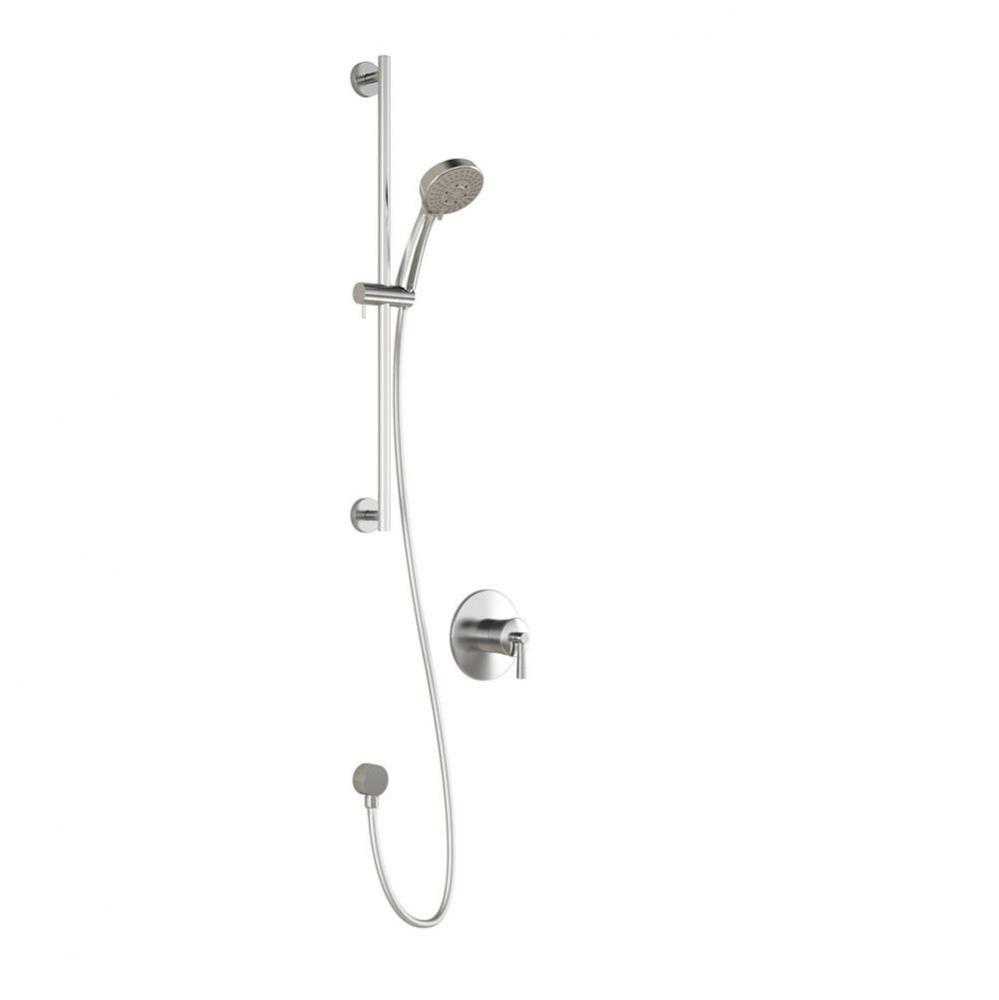 BELLINO? PB1 : Pressure Balance Shower System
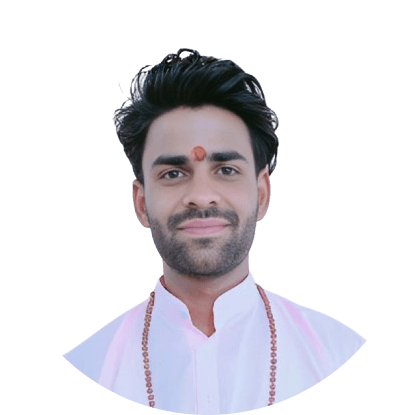 Advait
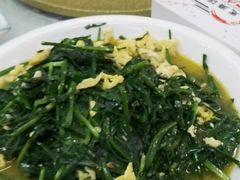 -惠廉饭店(东吴南路店)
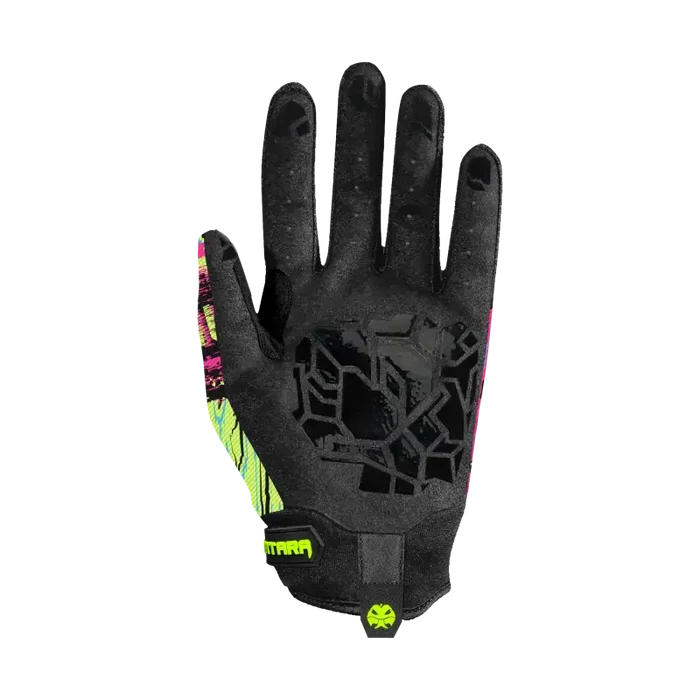 Tuatara – SIM Gloves – VIPER - Sim Race Webshop B.V.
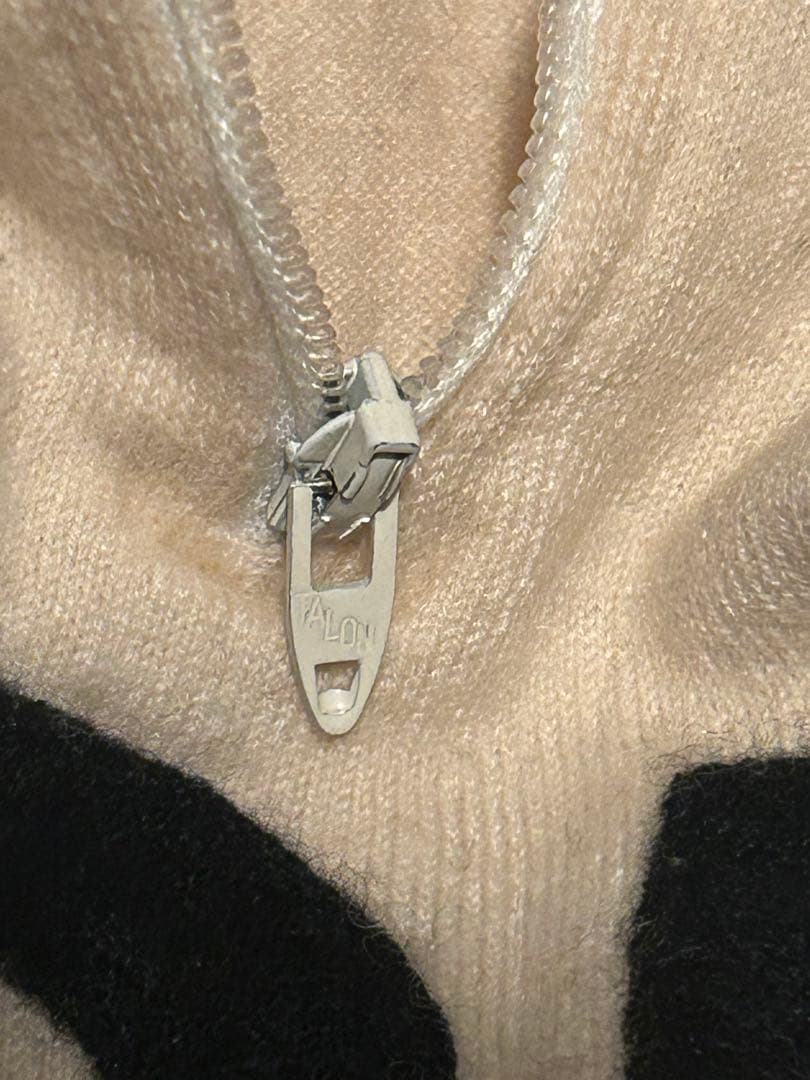 FIAT サイクルジャージ　ヴィンテージ　イタリア製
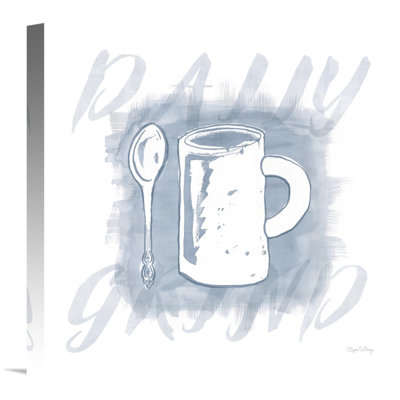 " Jazzy Java IV "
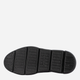 Buty derby męskie skórzane Skechers 205046-BBK 42.5 Czarne (196989359649) - obraz 7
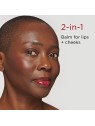 Clarins Lip Perfector 24 Crema labbra donna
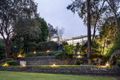 Property photo of 1C Waterdale Road Ivanhoe VIC 3079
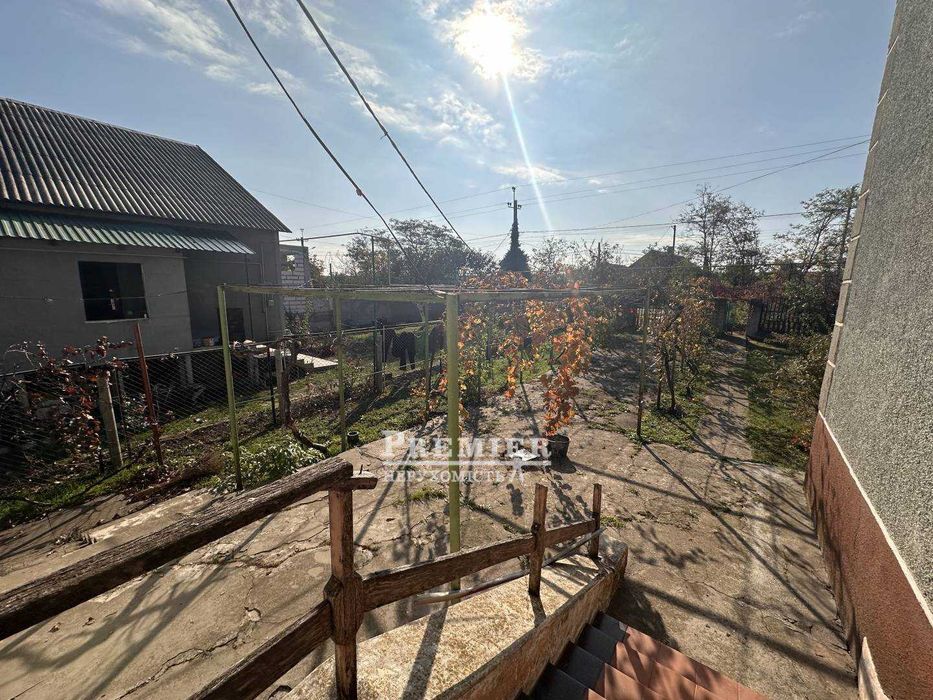 Дом 229 м2 Жилое Состояние, 25 соток Грибовка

——

§ **YOUR TASK**
Every entry above is to be repeated word for word, with all pictures omitted.

§ **ANSWER TO THIS TASK**
 BELLINO? PB1 : Pressure Balance Shower System
 Advait
 -惠廉饭店(东吴南路店)
 Tuatara – SIM Gloves – VIPER - Sim Race Webshop B.V.
 FIAT サイクルジャージ　ヴィンテージ　イタリア製
 " Jazzy Java IV "
 Buty derby męskie skórzane Skechers 205046-BBK 42.5 Czarne (196989359649) - obraz 7
 Clarins Lip Perfector 24 Crema labbra donna
 Property photo of 1C Waterdale Road Ivanhoe VIC 3079
 Дом 229 м2 Жилое Состояние, 25 соток Грибовка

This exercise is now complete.